We are far from expert at this, so after many hours of plucking, cleaning, and packaging, we had a disastrous garage and kitchen and nine finished birds.

We put the ducks in the freezer, but I brought the two geese over to JR’s mom who would roast them for Christmas Eve.

December 24th came, and after several hours of morning chores JR and I drove the hour to see my parents, enjoy a noon meal, and attend church.

When we got back to the farm, let’s just say the kitchen was in mild crisis.

My mother-in-law had cleaned her oven several days before, and she must have bumped or cracked one of the heating elements. It was glowing and sparking as she watched the oven and tried to finish the roasting.

Earlier in the afternoon my sister-in-law had arrived as my in laws were getting back from church. She had frantically called them proclaiming “FIRE in the oven!!” because it was glowing bright and orange. She was worried it was a grease fire, and she wasn’t sure what the best course of action was.
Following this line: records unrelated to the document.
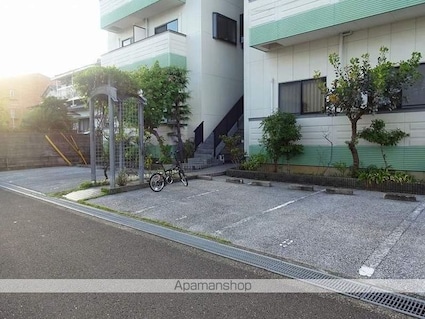 ブルーメンヴォーヌン河合[1R/35m2]の駐車場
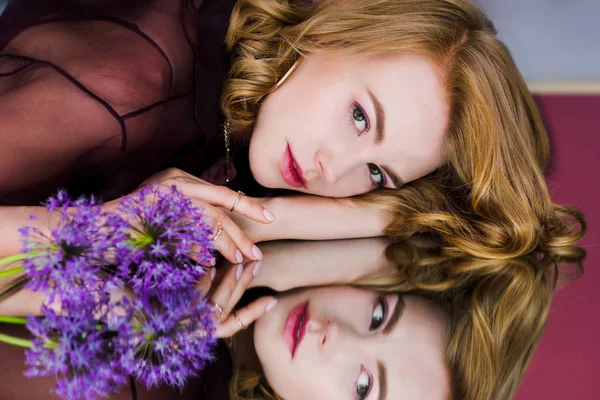 Belle Jeune Femme Allongée Sur Miroir Avec Des Fleurs Bleues — Photo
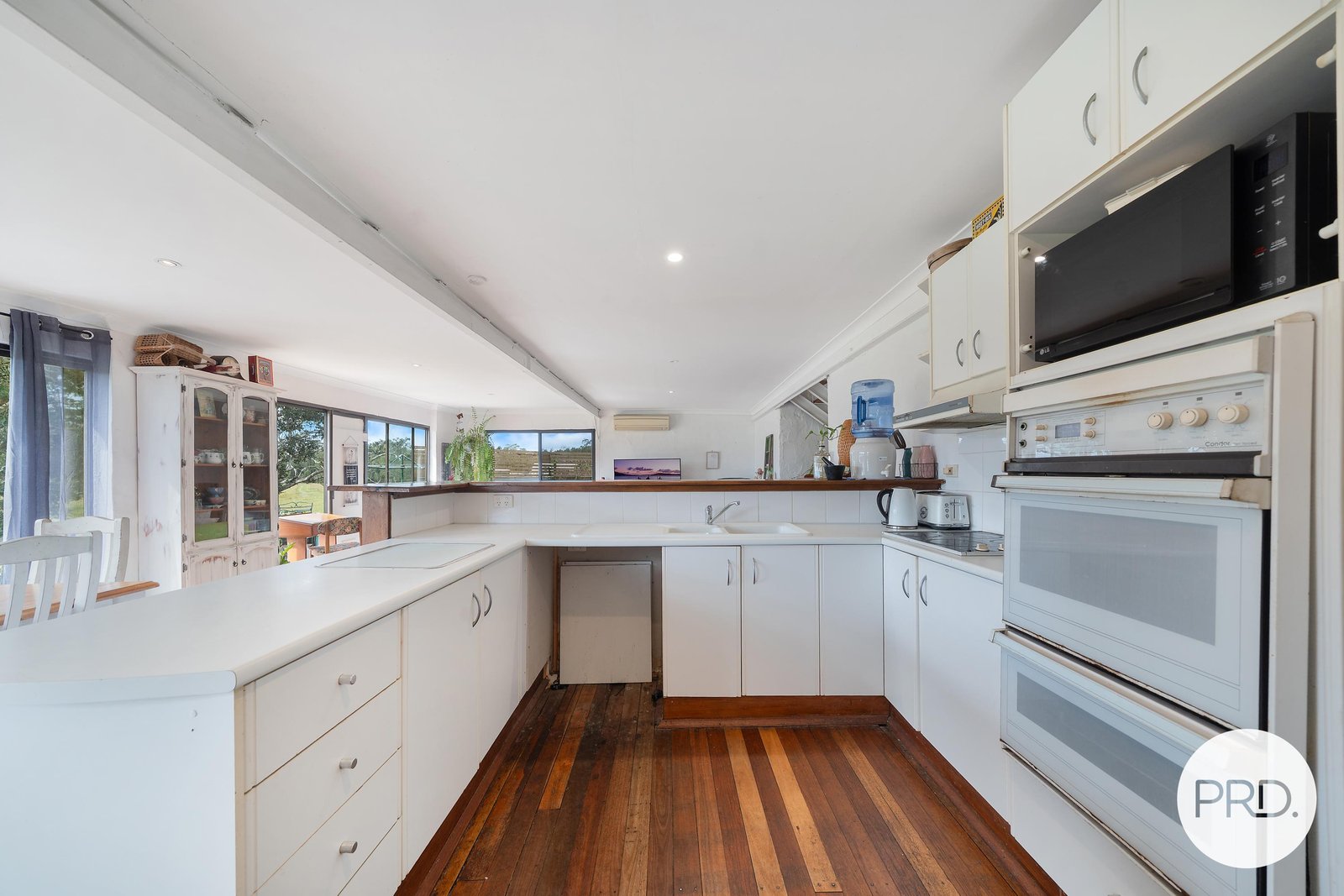 4400 Pacific Highway ROSSGLEN 8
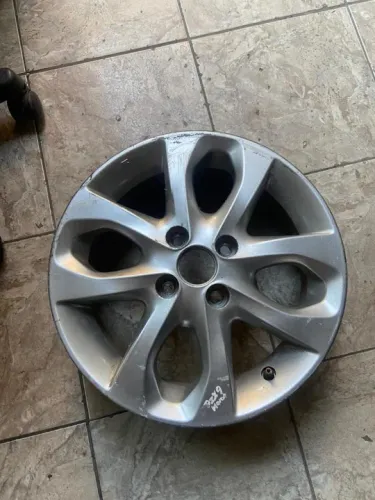 Roda Avulsa Aro 15 Nissan March Sl Sv 2017
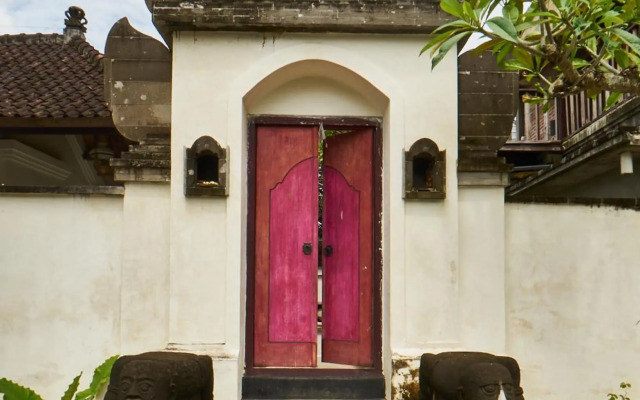 Rumah Paros & Gallery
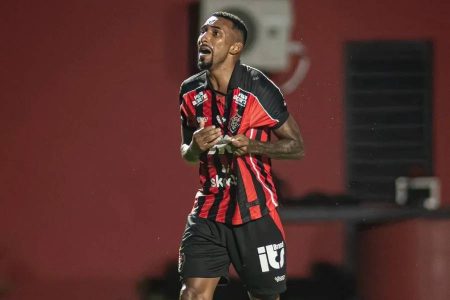 Mateus Silva recebe alta após sofrer lesão no tórax durante jogo do Vitória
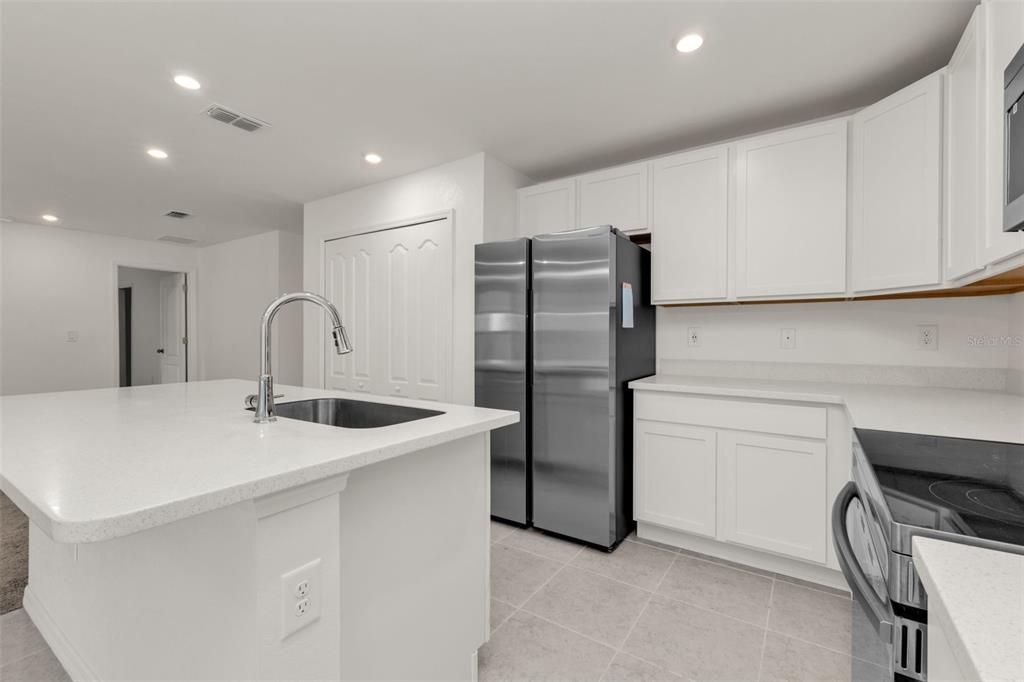 For Sale: $280,000 (3 beds, 2 baths, 1445 Square Feet)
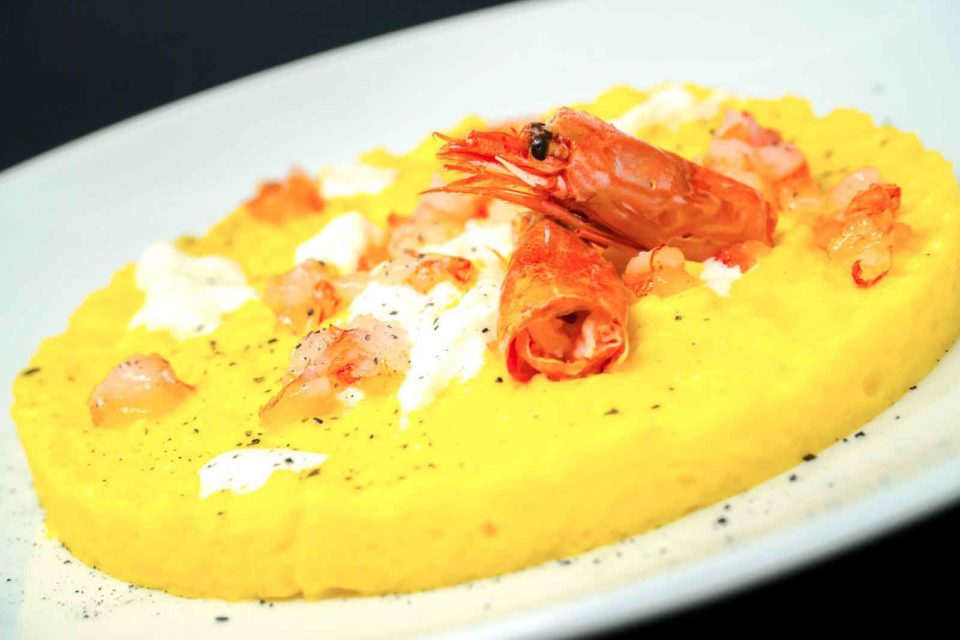 Ricetta basic. Come fare il risotto con burrata, gamberi rossi e zafferano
She was instructed to “turn off the oven,” and hopefully it would go out. In truth, it was just sparks from the cracked heating coil.

By the time we got back things were under control, and everyone was impatiently waiting to see if the dying oven would cook the birds. They were rotating the broiler on and off, watching carefully, and hoping.

This gave me time to make another check in the barn. It was a busy place as we had five new heifers throughout the day, but things went smoothly with the mild weather.

The oven held on, and while the geese didn’t get as tender as we hoped they were still tasty.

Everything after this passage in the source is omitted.